• [YOUR ASSIGNMENT]
Only the pictures are dropped; the lines of the material that follow are returned exactly.

• [RECORDED INFORMATION]
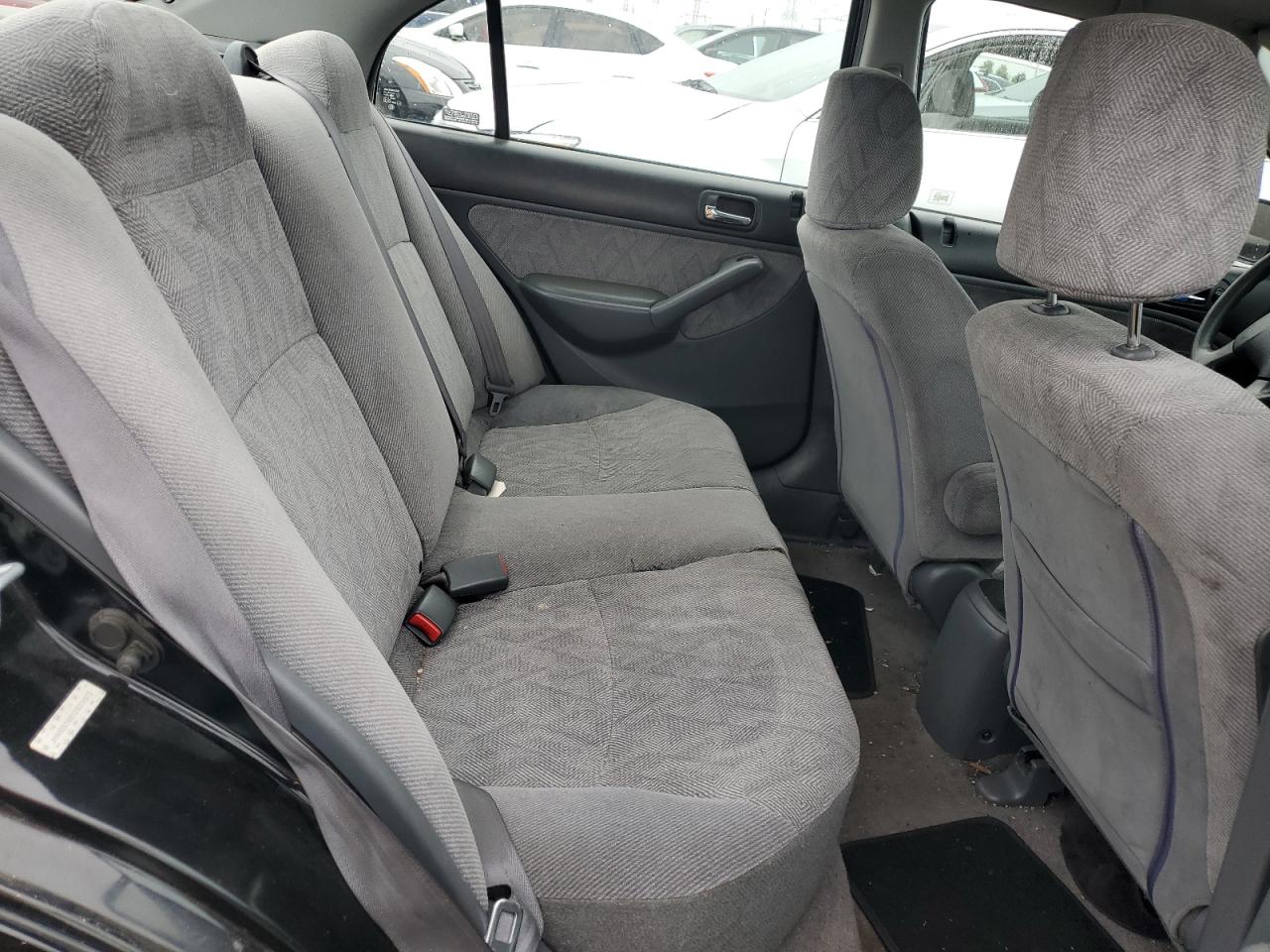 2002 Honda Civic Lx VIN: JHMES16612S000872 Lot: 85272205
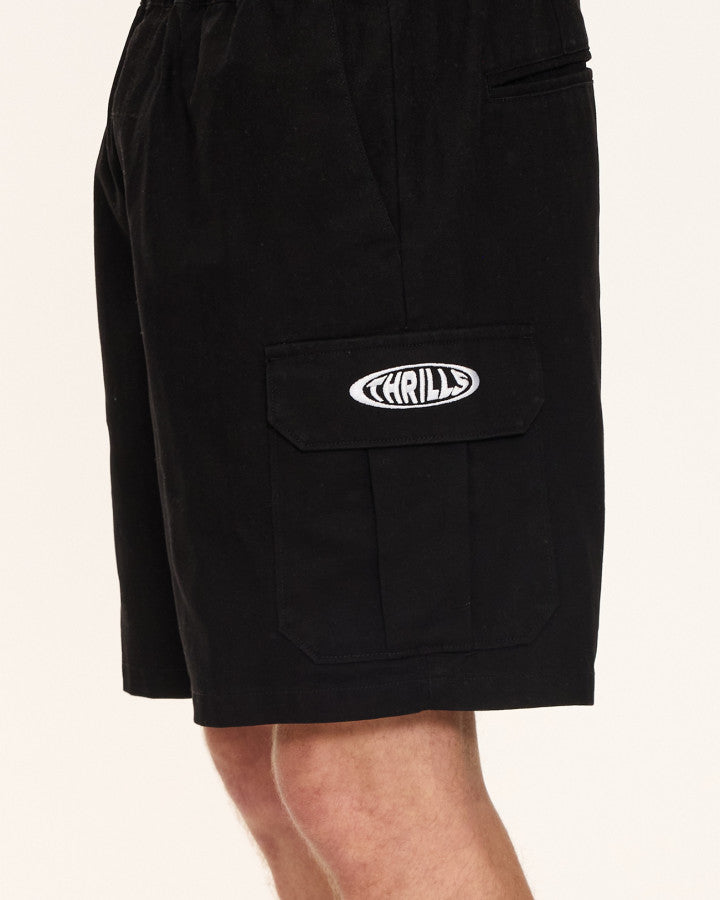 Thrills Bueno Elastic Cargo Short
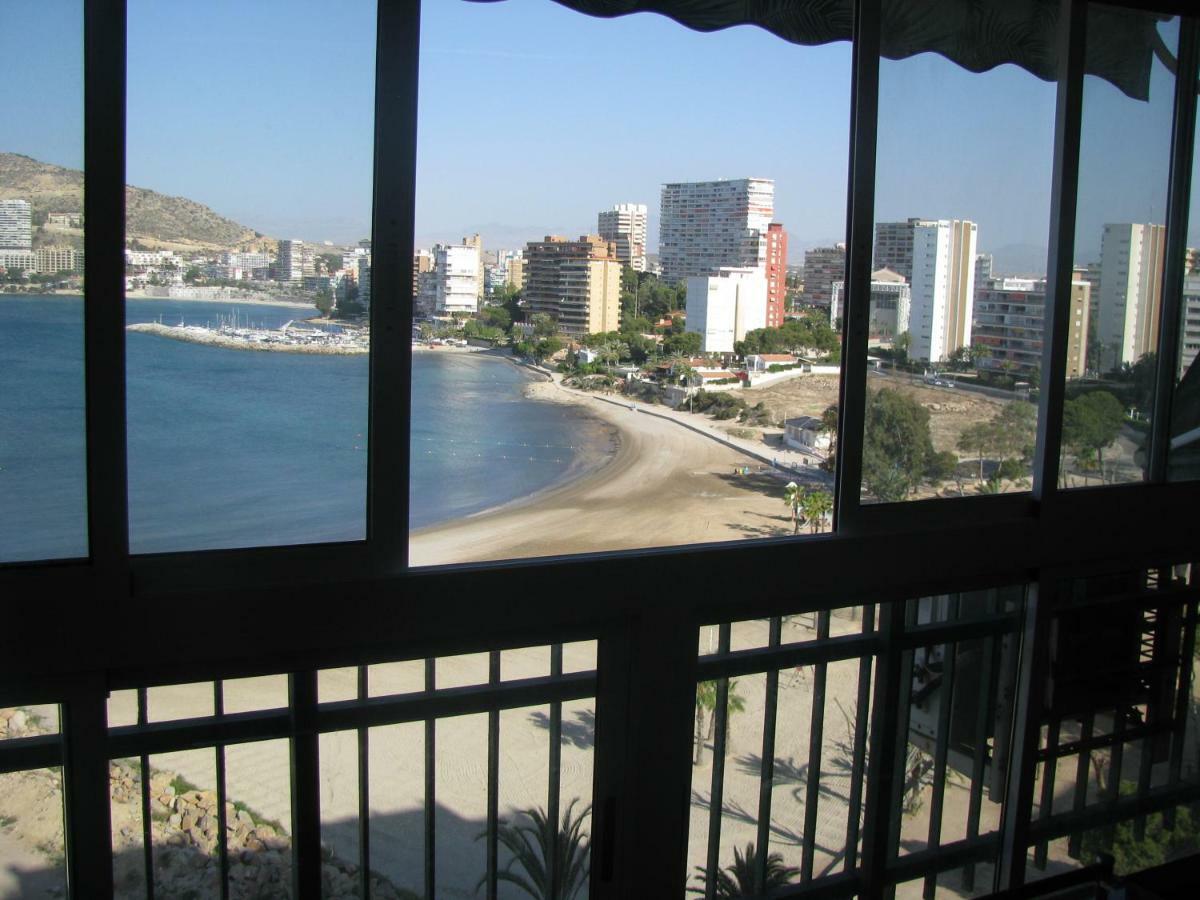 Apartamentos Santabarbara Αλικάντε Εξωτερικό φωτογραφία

• [OUTPUT BELOW]
 2002 Honda Civic Lx VIN: JHMES16612S000872 Lot: 85272205
 Thrills Bueno Elastic Cargo Short
 Apartamentos Santabarbara Αλικάντε Εξωτερικό φωτογραφία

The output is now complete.